● What is being asked
From the records that follow, return exactly the lines beginning at the one that contains "Gucci Marmont Card" and ending at the one that contains "Scenic Escape: Nami", pictures left out.

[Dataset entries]
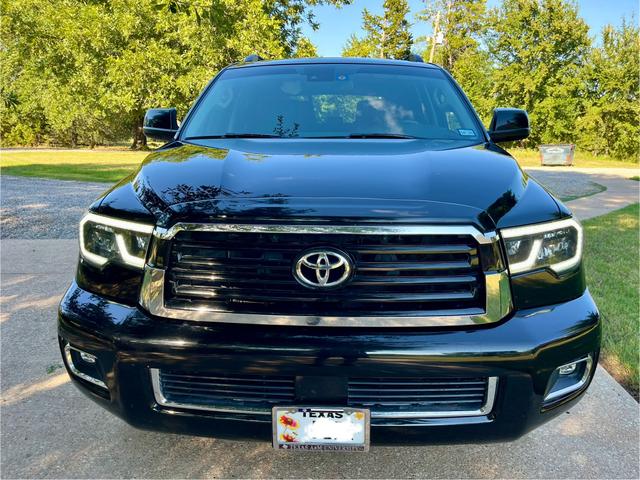 Photo of 2019 Black Toyota Sequoia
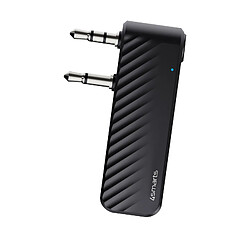 Transmetteur audio Bluetooth Double Jack 3.5mm rabattable Mode avion 4Smarts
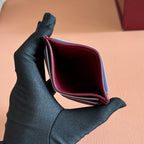 Gucci Marmont Card Wallet Rosso Ancora Red Calfskin 254959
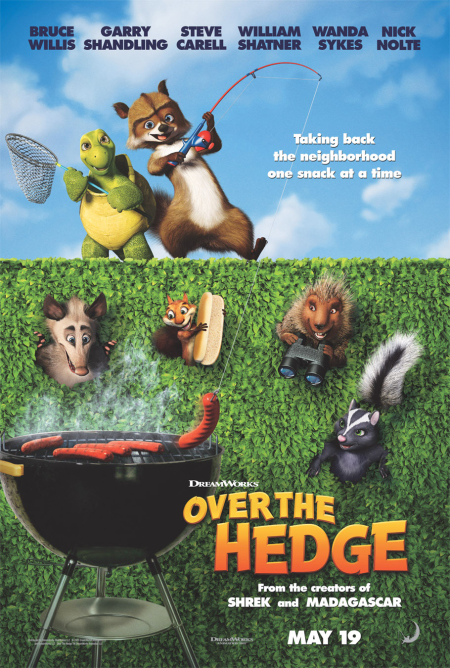 Cover van Over the Hedge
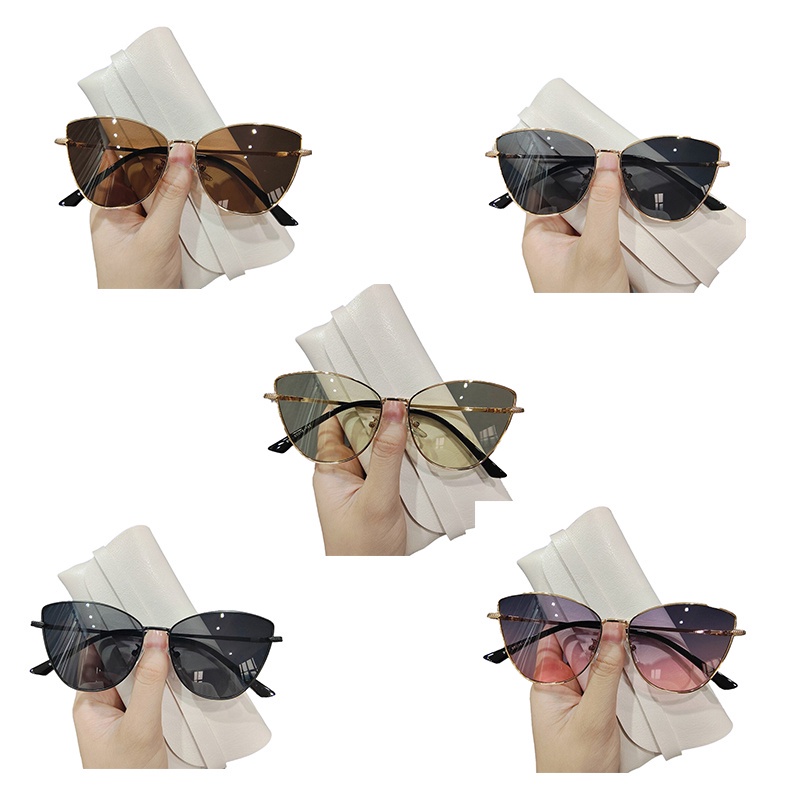 Kính Mát Mắt Mèo Thời Trang Hàn Quốc JP5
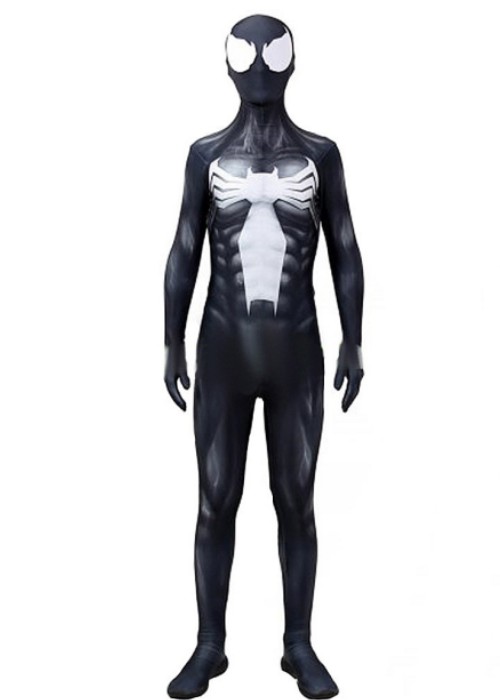 Venom Costume Eddie Brock Cosplay Bodysuit Ver.7-Chaorenbuy Cosplay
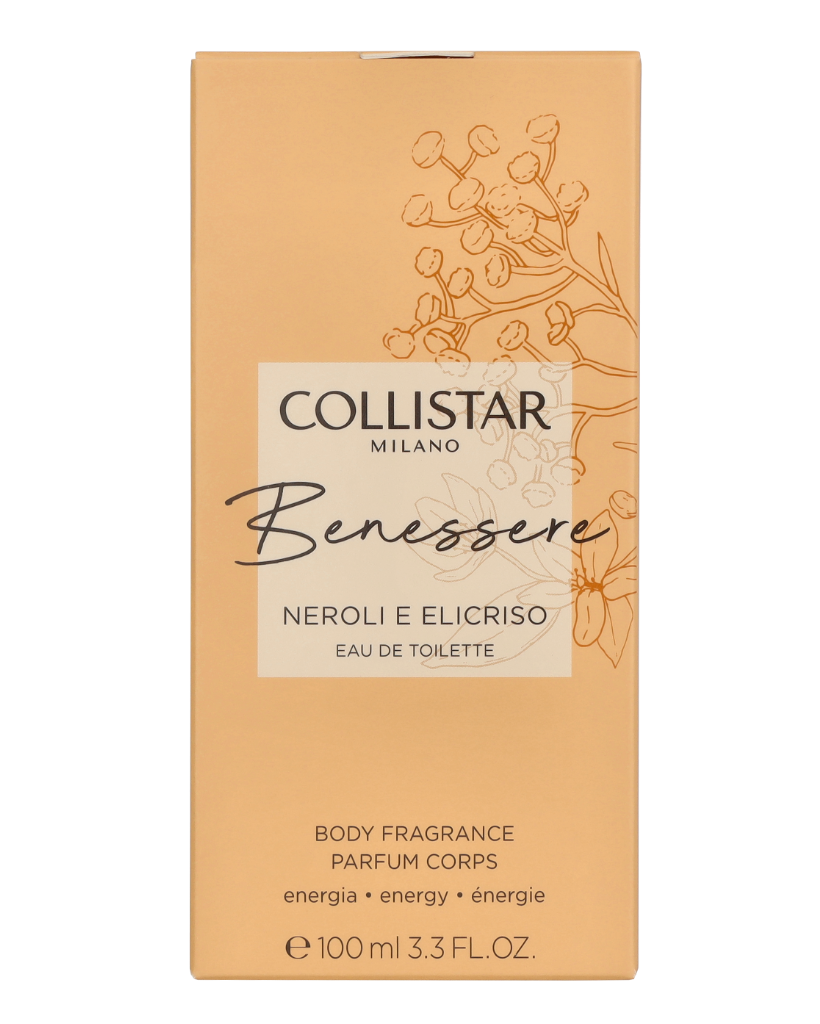 Collistar Benessere Neroli And Helichrysum Eau de Toilette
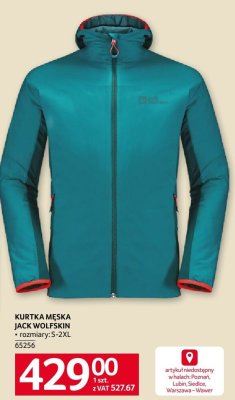 Kurtka m臋ska promocja w Selgros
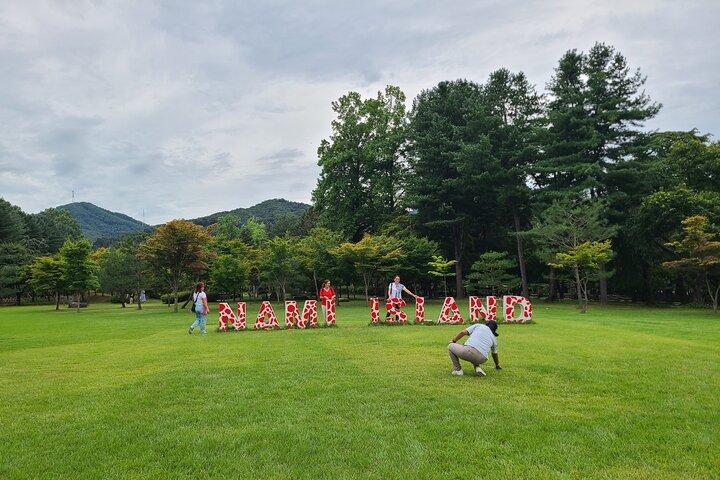 Scenic Escape: Nami Island, Garden of Morning Calm, and Rail Bike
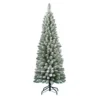 ALBERO DI NATALE INNEVATO DA 240 CM – ABETE FINTO ECOLOGICO -Offerta economica Silikomart albero di natale innevato da 240 cm abete finto ecologico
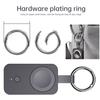 Portable Watch Charger Large Battery Capacity Compact Size Lightweight Keychain Wireless Charger for Apple Watch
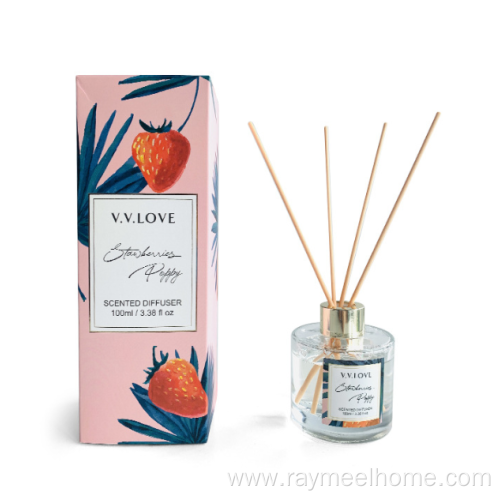 Luxury Diffuser Room Reed Diffuser Set Gift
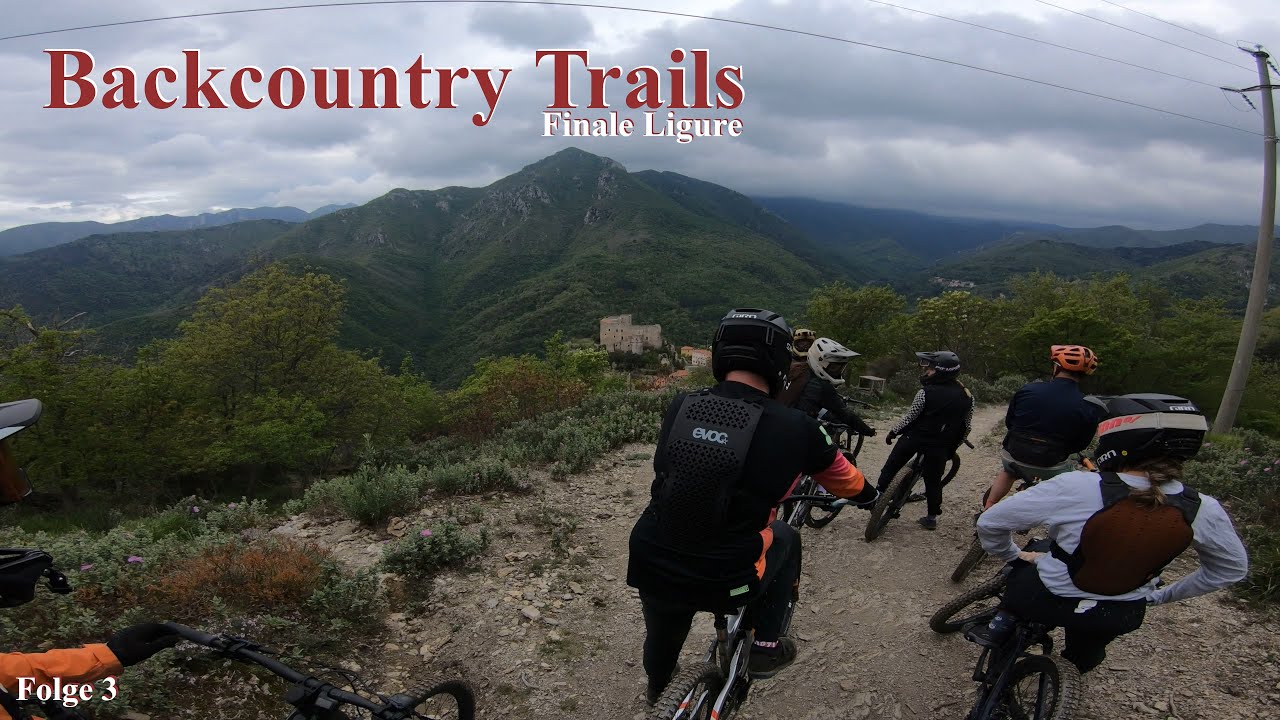 MTB | Backcountry Trails | The Finale Ligure | S2F3 | #169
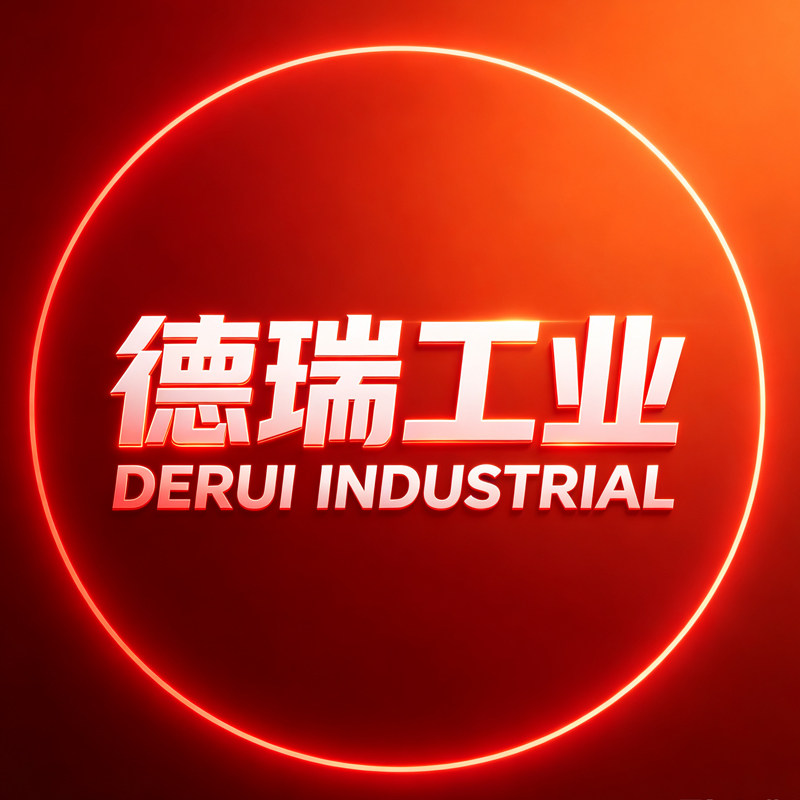德瑞工业实体店的LOGO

● Reply to the exercise
 Gucci Marmont Card Wallet Rosso Ancora Red Calfskin 254959
 Cover van Over the Hedge
 Kính Mát Mắt Mèo Thời Trang Hàn Quốc JP5
 Venom Costume Eddie Brock Cosplay Bodysuit Ver.7-Chaorenbuy Cosplay
 Collistar Benessere Neroli And Helichrysum Eau de Toilette
 Kurtka m臋ska promocja w Selgros
 Scenic Escape: Nami Island, Garden of Morning Calm, and Rail Bike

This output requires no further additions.